“Martin had a dream. Hov has a team”.
The most classic quality of Jay-Z’s Magna Carta Holy Grail is that rapper and entrepreneur’s seasoned bravado no longer translates as annoying and uncalled for, but a feature that’s surely been etched into his character. After having exhausted in-the-know details of the fabulous life he occasionally mocked in the past and now represents, he’s taken to being some kind of a mellowed out version of a martyr for the people, with historical and religious references to boot, seen from the cover art to the grandiose title. So was Jay-Z’s surprise album worth the thrill? It’s one of his glossier, more pop-induced records, but it’s not as saccharine-filled as say Kingdom Come (minus the engaging “Lost Ones) or The Blueprint 2. MCHG It’s similar to how The Blueprint 3 merged the two ingredients of mean streets wisdom and auspicious sounds. MCGH is just that, and to the fullest extent, embraces the Internet age.
Lyrically, it’s not his strongest as far as its complexities, but any real Jay-Z fan may want to acknowledge when listening to his catalog post 2003 that his best wordplay days are behind, and we look back not in anger but in admiration. Jay-Z is not the same person he was on Reasonable Doubt or even Vol. 3 The Life and Times… when Shawn Carter was officially the new New York king of rap, and that’s okay. What MCGH does accomplish is how Mr. Carter continues to exercise his palpable sense of humor and curiosities at popular culture. Who know Jay-Z actually gave Miley Cryus attempting to twerk a moment of recognition, and is clearly a fan of SHOWTIME’s Homeland? It is the one-liners and the lush instrumentals that are most enjoyable. Jay’s return to form as the smart-ass with a delectable notion of self-worth and selective insouciance is enthralling on wax. Musically, it is grand, but inclusive, unlike some past works such as Watch the Throne were cold to the public, and damn near belittling to the struggle of the everyday man. The majority of his fanbase’s dreams are not lined with gilded afflictions. After the capricious suggestions of Watch the Throne, MCGH is accessible and benign.

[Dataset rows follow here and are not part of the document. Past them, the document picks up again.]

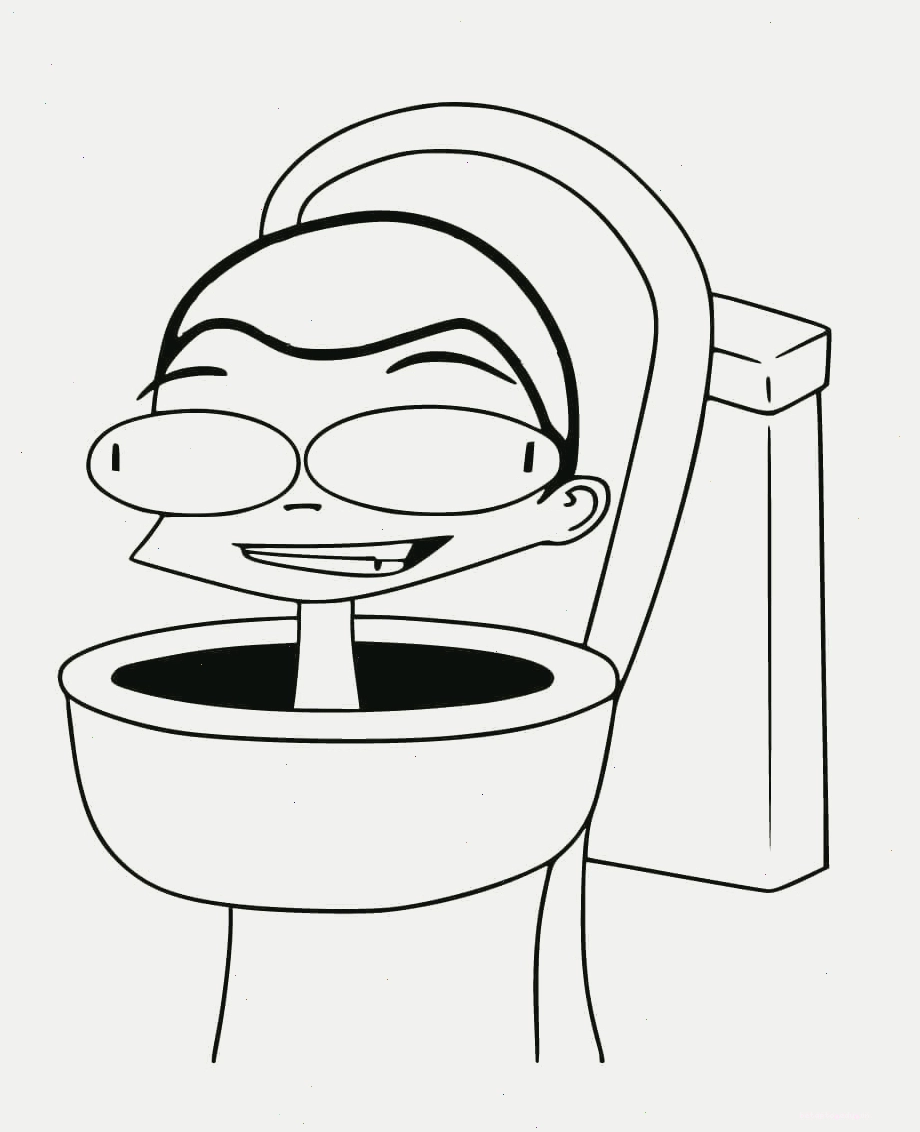 Tranh tô màu Skibidi Toilet ngốc nghếch
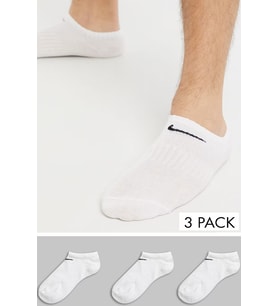 Nike Value No Show Ulightweight Unisex Sock 3 lü Soket Çorap Beyaz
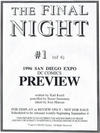 Cover Thumbnail for The Final Night Preview (1996 series)  [San Diego Expo 1996 Exclusive Preview]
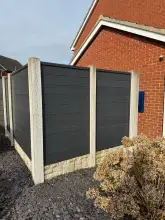 Composite Fencing In Watnall, Nottingham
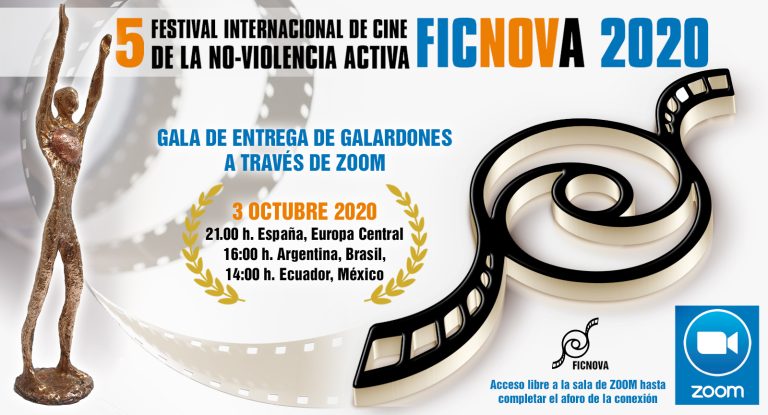 La 5ª entrega de galardones de FICNOVA se celebrará de forma virtual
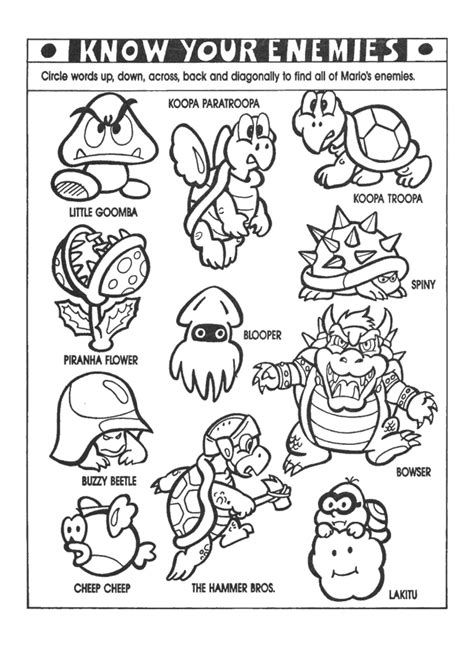 Handle easy or hard coloring sheet of coloring pages mario kart. Super Mario Bros Characters Coloring Pages - Coloring Home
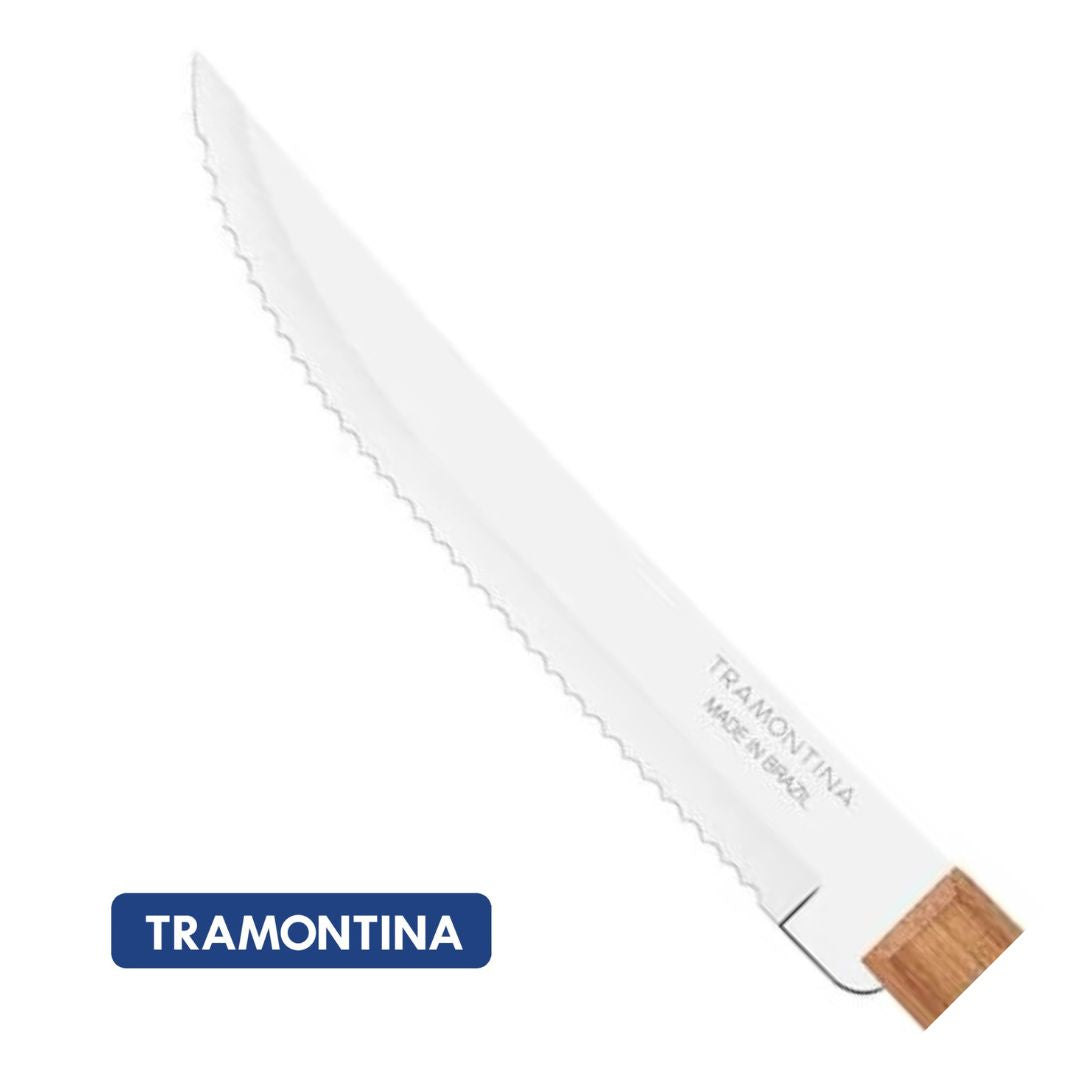Cuchillo para Churrasco Mango de Madera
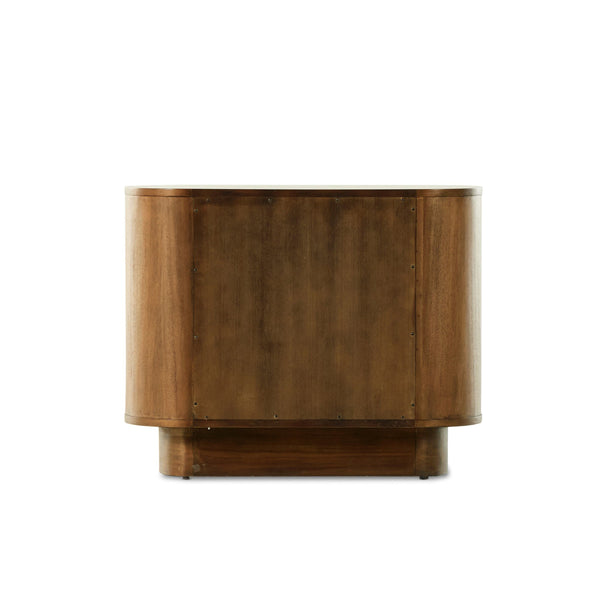 Paden Nightstand - Seasoned Brown Acacia
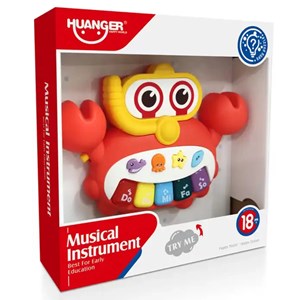 اسباب بازی پیانو خرچنگ هانگر HUANGER_اسباب بازی موسیقی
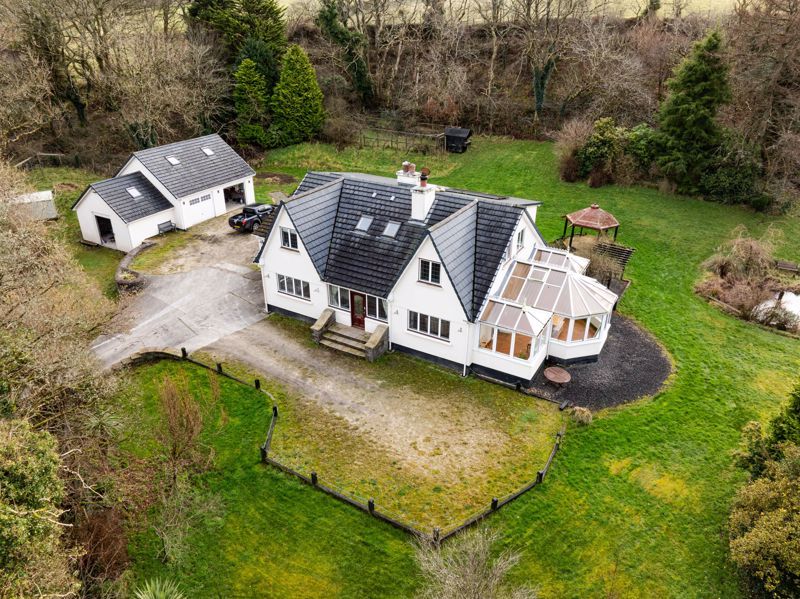 5 bed detached house for sale in Mullen Rhenass, Rhenass Road, Cronk Y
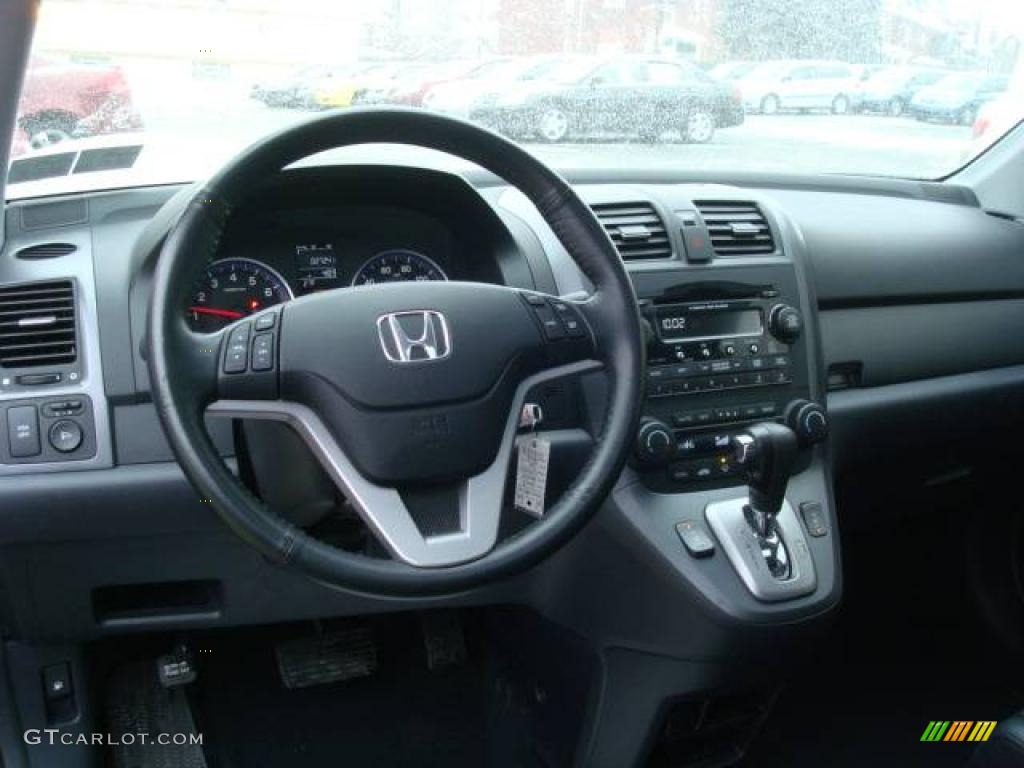 2008 CR-V EX-L 4WD - Nighthawk Black Pearl / Black photo #12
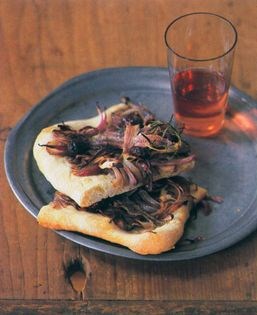 Nice-style onion, olive, and anchovy tart (Pissaladière)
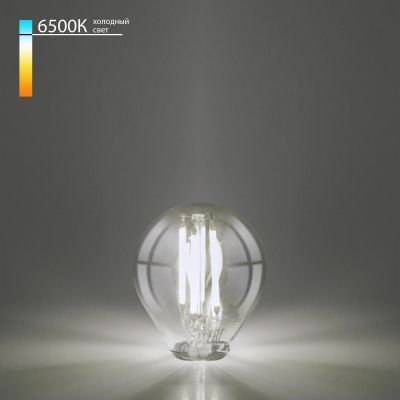 Филаментная светодиодная лампа Mini Classic F 8W 6500K E14 (G45 прозрачный) BLE1447 Elektrostandard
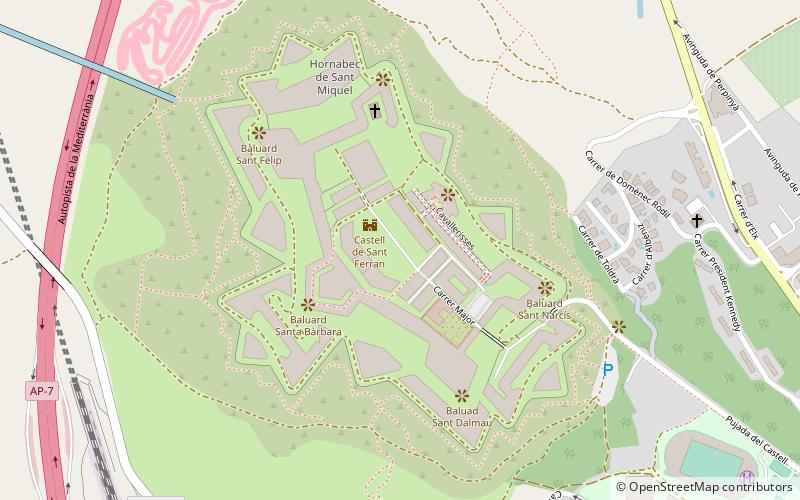 Castell de Sant Ferran location map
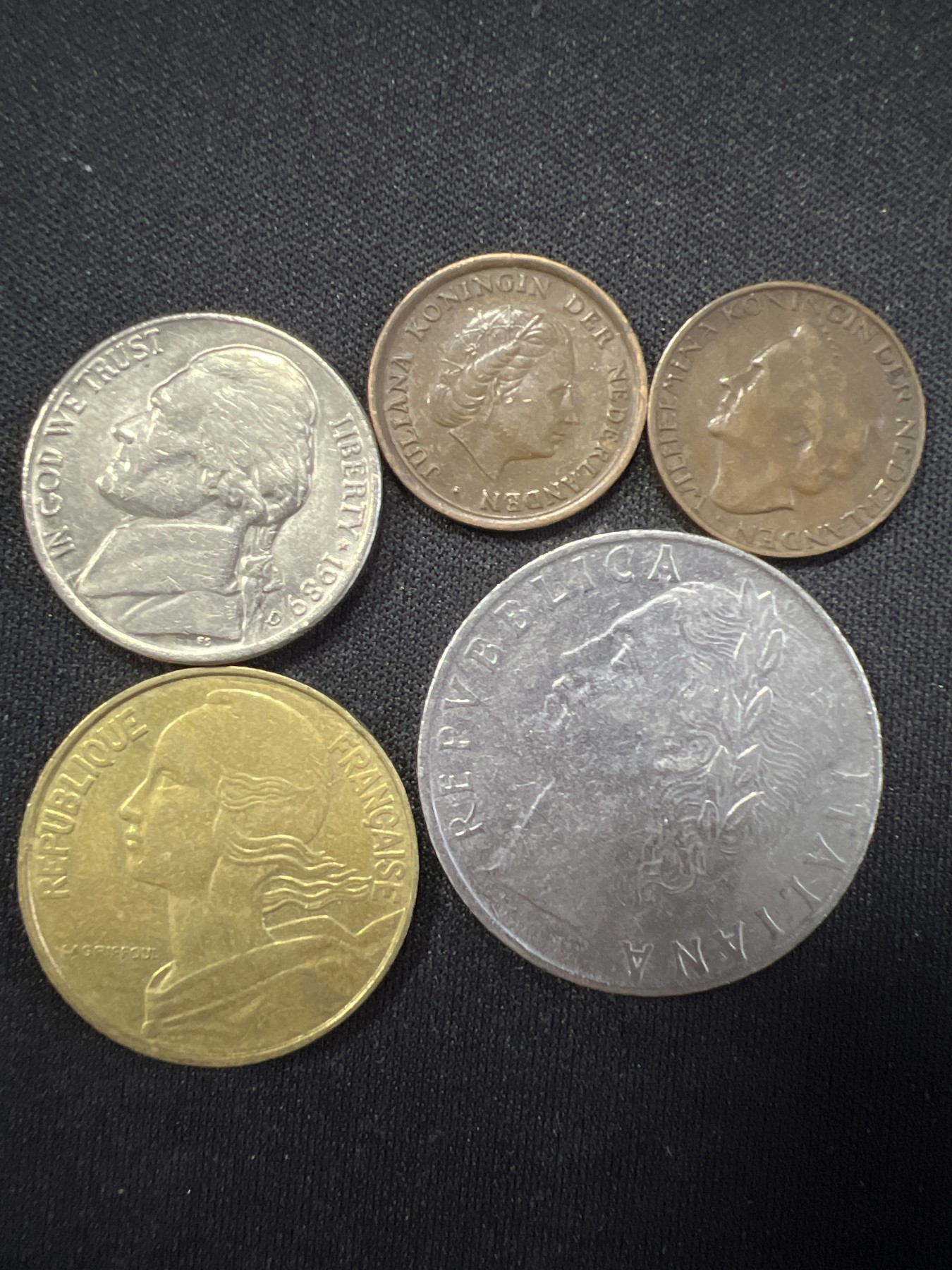 第502期 硬币币专场 （无押金，捡漏，全场50包邮，偏远地区除外，接收代拍业务） 硬币五枚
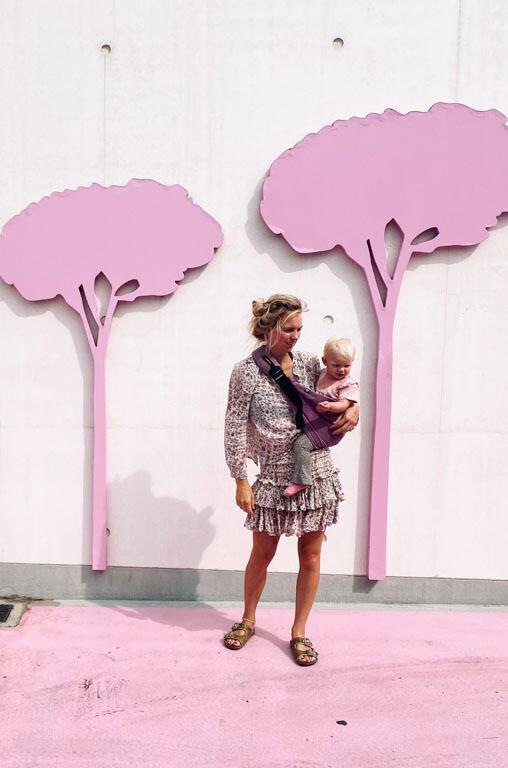Porta-Bebés Wildride Corduroy Lilac - Image 3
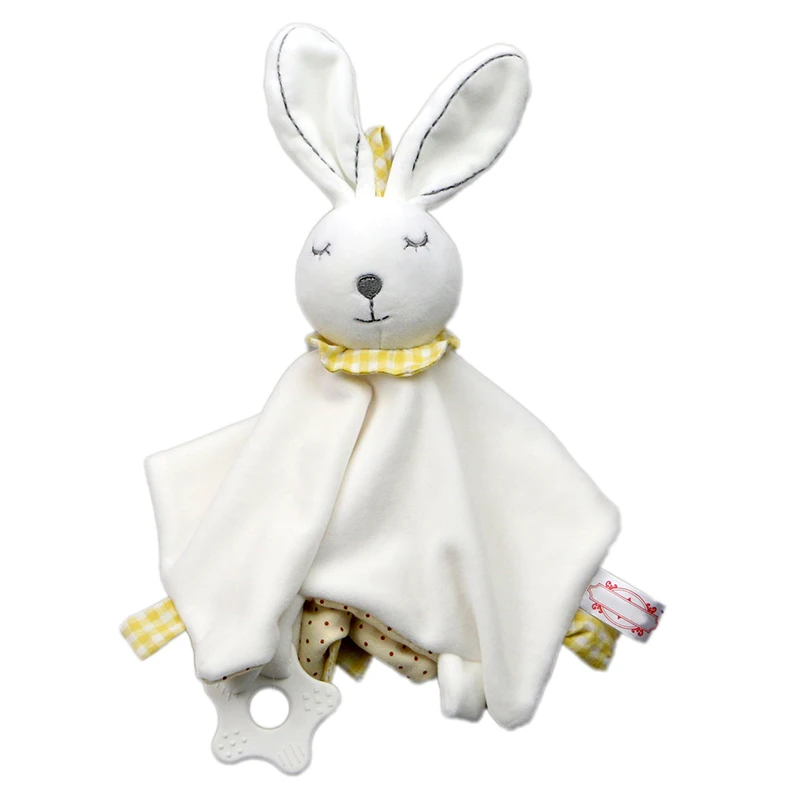 Детские мягкие игрушки в виде животных успокоить Полотенца Мягкие плюшевые успокаивающие игрушки успокаивающее полотенце для сна игрушки, плюшевая игрушка - Цвет: white rabbit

Honestly, there are no bad tracks on Hov’s 12th LP, even if some are boring. It is a seamless accomplishment with definite highlights. First, “Part II (On the Run)” is pure paradise, as the sequel to Jay and Beyonce’s ’02 collab “03′ Bonnie & Clyde”. Beyonce’s doesn’t even insinuate an urge to over-sing her everlong passion for her partner in crime, and is an appropriate conclusion to their first outing. In a kittenish manner, she makes fun of the fear of falling in love with the bad boy and otherwise endorses the live fast, die young lifestyle that’s very appealing to the ears on this track. It’s been 11 years since their first song together and their growth as artists and as a couple is displayed. The posse cut “BBC” is a bonafide fiesta that features Nas, Swizz Beatz, Justine Timberlake, Beyonce, Pharrell, and Timbaland, though some voices are more audible than others. This is Hov’s version of “All of the Lights”, that’s more like All of the Copacabanas. All of the features are valued for their cameos on MCHG as Rick Ross is shockingly favorable on the brassbound “FuckWithMeYouKnowIGotIt”; Frank Ocean is a young owl on the nirvanic “Oceans”; and Timberlake is also on the leading track “Holy Grail” offering some lessons learned revelations.
Where Jay-Z is at his best are on the solo tracks, where he reflects his new role as a father, his legacy, and these changing times. The party anthems are here (hello “Picasso Baby” and “Tom Ford”) but “F.U.T.W.”, “Jay-Z Blue”, and “Nickels and Dimes” could be Hov quintessentials in years to come. Magna Carta Holy Grail is a befitting album for Jay-Z who has achieved what he announced on his collab with Linkin Park on “Encore”: “I came, I saw, I conquered”. It lightly inspires, it thoroughly entertains, it celebrates the everyday man that has lot to say and toast to because he’s (or she’s) worked hard for the right to do so.